* [REQUIRED ACTION] In the records below, copy the line that contains "Phương pháp trị" and each line after it, word for word, through the last.

Short descriptive text snippets:
########################################

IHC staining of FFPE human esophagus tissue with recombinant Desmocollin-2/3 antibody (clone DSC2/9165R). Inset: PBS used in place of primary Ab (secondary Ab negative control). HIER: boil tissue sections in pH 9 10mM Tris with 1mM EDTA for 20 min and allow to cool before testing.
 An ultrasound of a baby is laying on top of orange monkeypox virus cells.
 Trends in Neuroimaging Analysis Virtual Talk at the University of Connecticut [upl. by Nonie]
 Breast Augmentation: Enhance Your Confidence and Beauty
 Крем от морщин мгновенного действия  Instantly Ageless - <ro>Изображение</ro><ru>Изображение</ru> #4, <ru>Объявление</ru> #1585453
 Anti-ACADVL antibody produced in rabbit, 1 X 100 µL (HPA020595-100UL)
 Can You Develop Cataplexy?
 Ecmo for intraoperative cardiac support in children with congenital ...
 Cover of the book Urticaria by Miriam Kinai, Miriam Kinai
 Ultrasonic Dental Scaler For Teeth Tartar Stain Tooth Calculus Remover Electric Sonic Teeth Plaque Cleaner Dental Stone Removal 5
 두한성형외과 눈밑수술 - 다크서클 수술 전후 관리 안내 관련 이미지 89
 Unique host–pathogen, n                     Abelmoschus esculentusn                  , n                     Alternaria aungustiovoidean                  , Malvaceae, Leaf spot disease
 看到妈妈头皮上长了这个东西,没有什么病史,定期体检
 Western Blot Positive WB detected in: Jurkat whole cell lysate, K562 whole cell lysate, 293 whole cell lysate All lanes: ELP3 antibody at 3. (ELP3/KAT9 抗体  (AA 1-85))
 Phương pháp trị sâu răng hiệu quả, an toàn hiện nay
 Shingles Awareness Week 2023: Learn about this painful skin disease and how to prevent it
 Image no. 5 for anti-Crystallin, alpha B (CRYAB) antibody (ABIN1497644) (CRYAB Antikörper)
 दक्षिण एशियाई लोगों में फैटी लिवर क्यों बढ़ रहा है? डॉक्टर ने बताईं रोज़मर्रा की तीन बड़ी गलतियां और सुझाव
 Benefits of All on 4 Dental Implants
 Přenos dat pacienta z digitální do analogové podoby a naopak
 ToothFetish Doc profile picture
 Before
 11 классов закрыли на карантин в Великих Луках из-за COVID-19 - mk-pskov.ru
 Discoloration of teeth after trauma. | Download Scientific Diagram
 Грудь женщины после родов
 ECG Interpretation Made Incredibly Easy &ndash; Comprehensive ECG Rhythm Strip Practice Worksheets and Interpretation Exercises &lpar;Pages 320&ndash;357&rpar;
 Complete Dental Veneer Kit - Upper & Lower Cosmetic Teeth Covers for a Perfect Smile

########################################

* [SOLUTION FOR THIS PROBLEM]
 Phương pháp trị sâu răng hiệu quả, an toàn hiện nay
 Shingles Awareness Week 2023: Learn about this painful skin disease and how to prevent it
 Image no. 5 for anti-Crystallin, alpha B (CRYAB) antibody (ABIN1497644) (CRYAB Antikörper)
 दक्षिण एशियाई लोगों में फैटी लिवर क्यों बढ़ रहा है? डॉक्टर ने बताईं रोज़मर्रा की तीन बड़ी गलतियां और सुझाव
 Benefits of All on 4 Dental Implants
 Přenos dat pacienta z digitální do analogové podoby a naopak
 ToothFetish Doc profile picture
 Before
 11 классов закрыли на карантин в Великих Луках из-за COVID-19 - mk-pskov.ru
 Discoloration of teeth after trauma. | Download Scientific Diagram
 Грудь женщины после родов
 ECG Interpretation Made Incredibly Easy &ndash; Comprehensive ECG Rhythm Strip Practice Worksheets and Interpretation Exercises &lpar;Pages 320&ndash;357&rpar;
 Complete Dental Veneer Kit - Upper & Lower Cosmetic Teeth Covers for a Perfect Smile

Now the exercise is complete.